IgnoredAmbience / yahoo-group-archiver

Scrapes and archives a Yahoo groups email archives, photo galleries and file contents using the non-public API
MIT License
93 stars 46 forks source link

Some calendars return 401 which crashes the archiver #43

Closed d235j closed 4 years ago

d235j commented 4 years ago

I'm having this happen with the Alps group (which is unfortunately private).

IgnoredAmbience commented 4 years ago

PR to fix welcomed :)

d235j commented 4 years ago

Found the problem.

get_calendars() relies on an error request (returning 401 or 403) to obtain the correct wssid parameter.
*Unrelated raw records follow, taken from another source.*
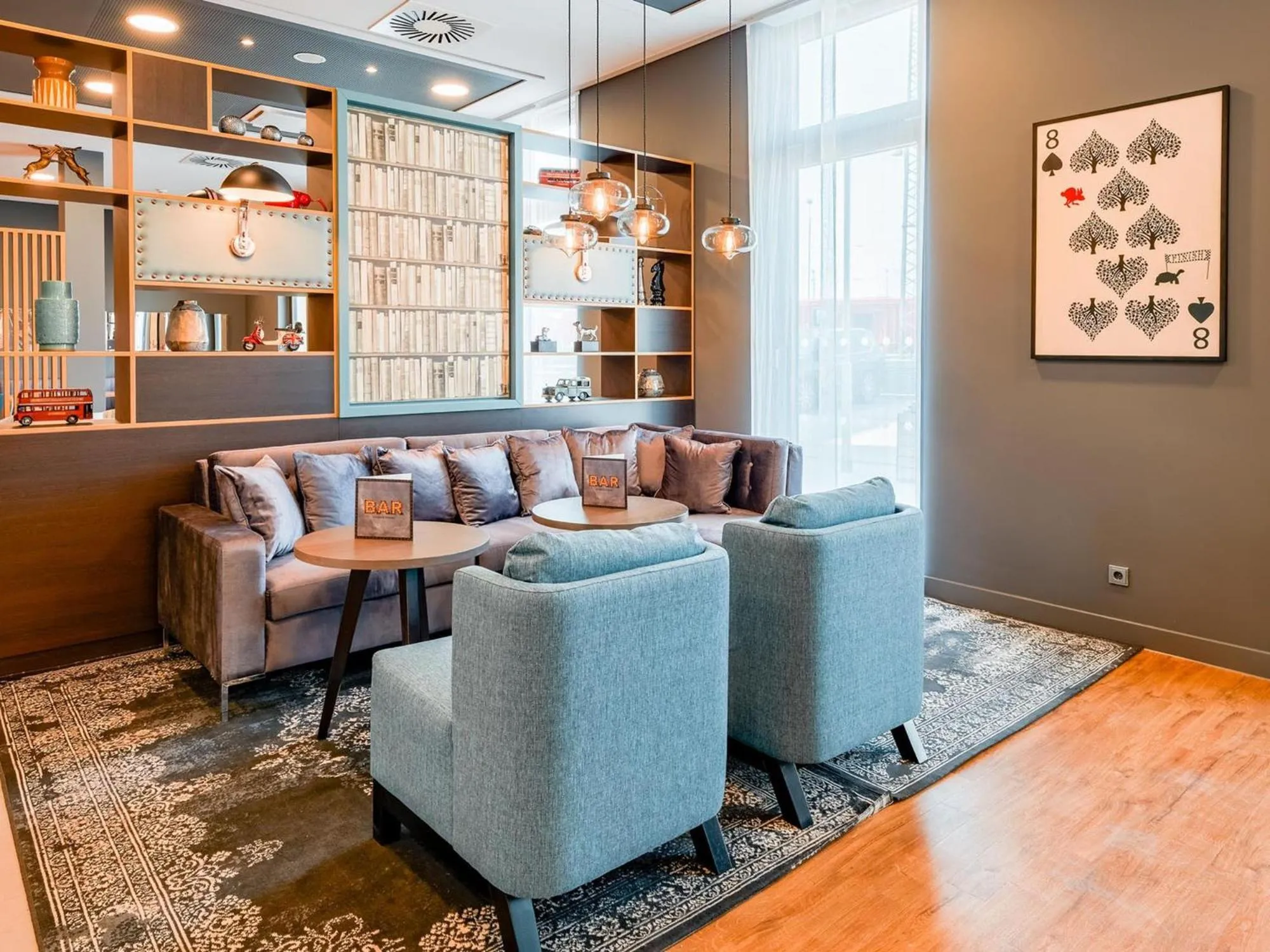 Lobby or reception in Premier Inn Mannheim City Centre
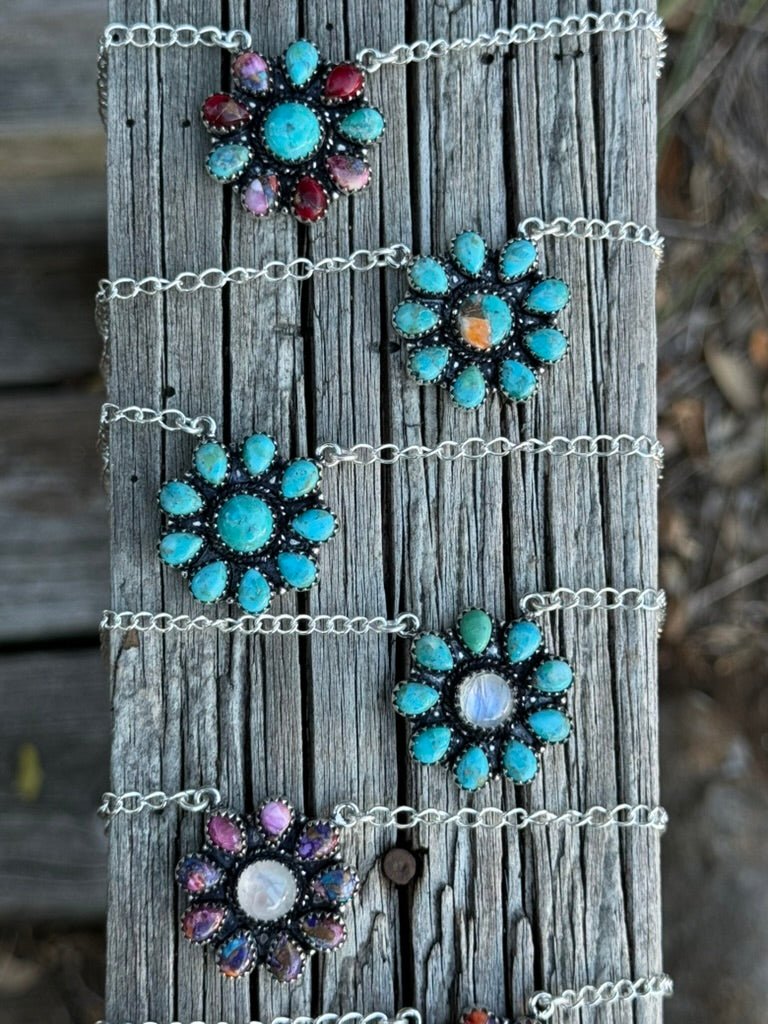 Authentic Wildflower Blossom Chain NecklaceOnyx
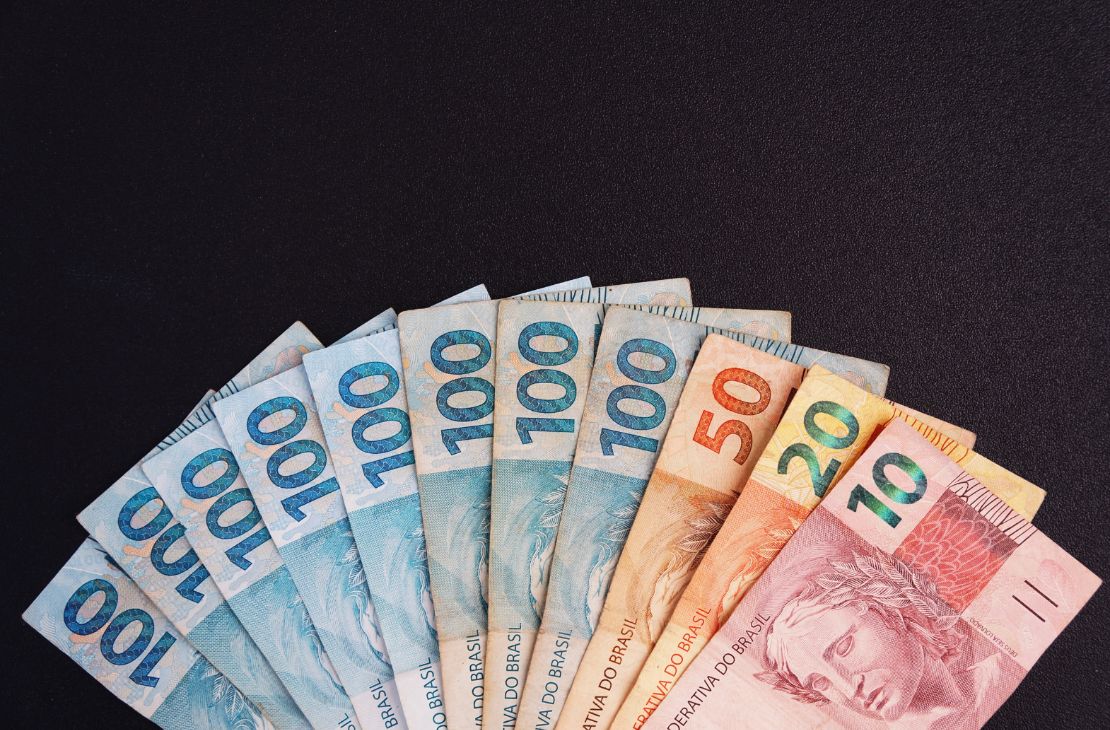 LDO é sancionada e prevê salário mínimo de R$ 1.294 em 2023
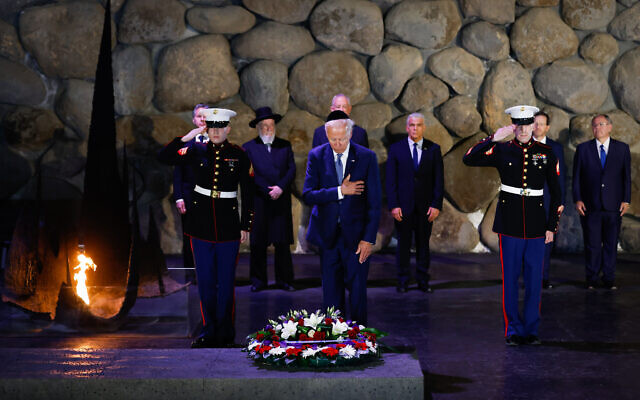 Le président américain Joe Biden dépos/מא une gerbe au mémorial de la Shoah de Yad Vashemצ à Jérusalem, le 13 juillet 2022. (Crédit : Olivier Fitoussi/Flash90) Le président américain Joe Biden dépos/מא une gerbe au mémorial de la Shoah de Yad Vashemצ à Jérusalem, le 13 juillet 2022. (Crédit : Olivier Fitoussi/Flash90)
https://github.com/IgnoredAmbience/yahoo-group-archiver/commit/70cc682996e6206869e7192cb8590b557ff47746 changed get_file() to download_file() which doesn't handle the wssid properly — see https://github.com/IgnoredAmbience/yahoo-group-archiver/blob/d0644995977b808969e6e0c7b44a0fe780273bac/yahoo.py#L372 . I can PR soon.

IgnoredAmbience commented 4 years ago

Ah, I hadn't realised what was going on there when I merged that change. Just reintroducing the error-friendly version of the get_file should do.
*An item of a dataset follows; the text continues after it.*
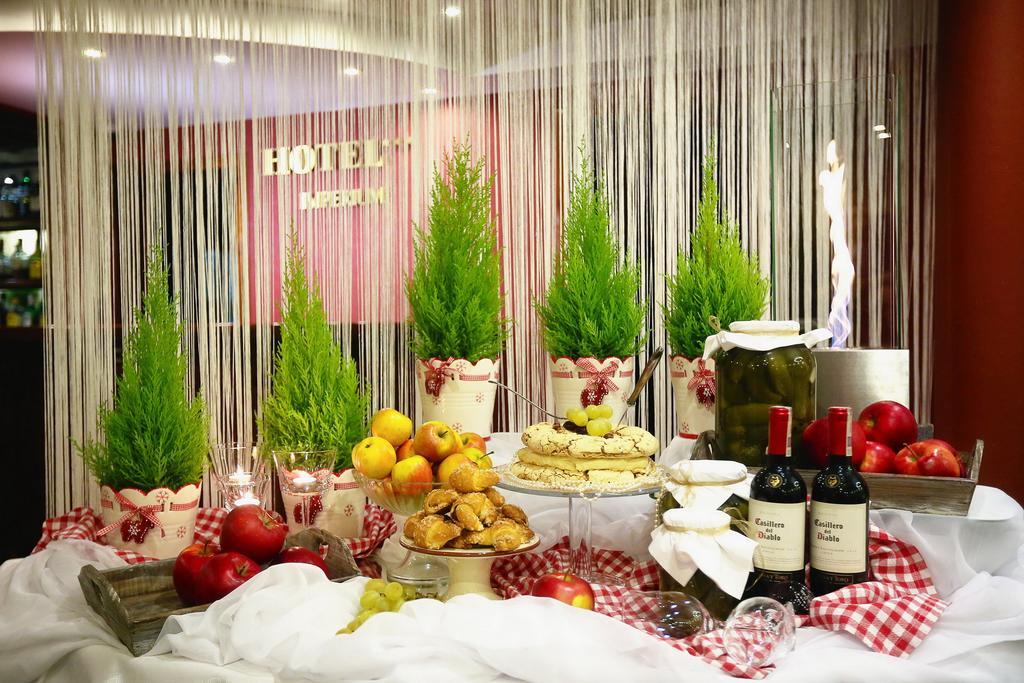 Hotel Imperium Chełmża Eksteriør billede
d235j commented 4 years ago

@IgnoredAmbience what are your thoughts on making download_file return the content even when there is an error that doesn't go away on retry, so that it can be stored? (Or is that unnecessary as we're storing that in warc?)

IgnoredAmbience commented 4 years ago

The raised exception from requests should have the response and request objects available on it to query. It should be possible to do this from an exception handler when we're to expect a failure.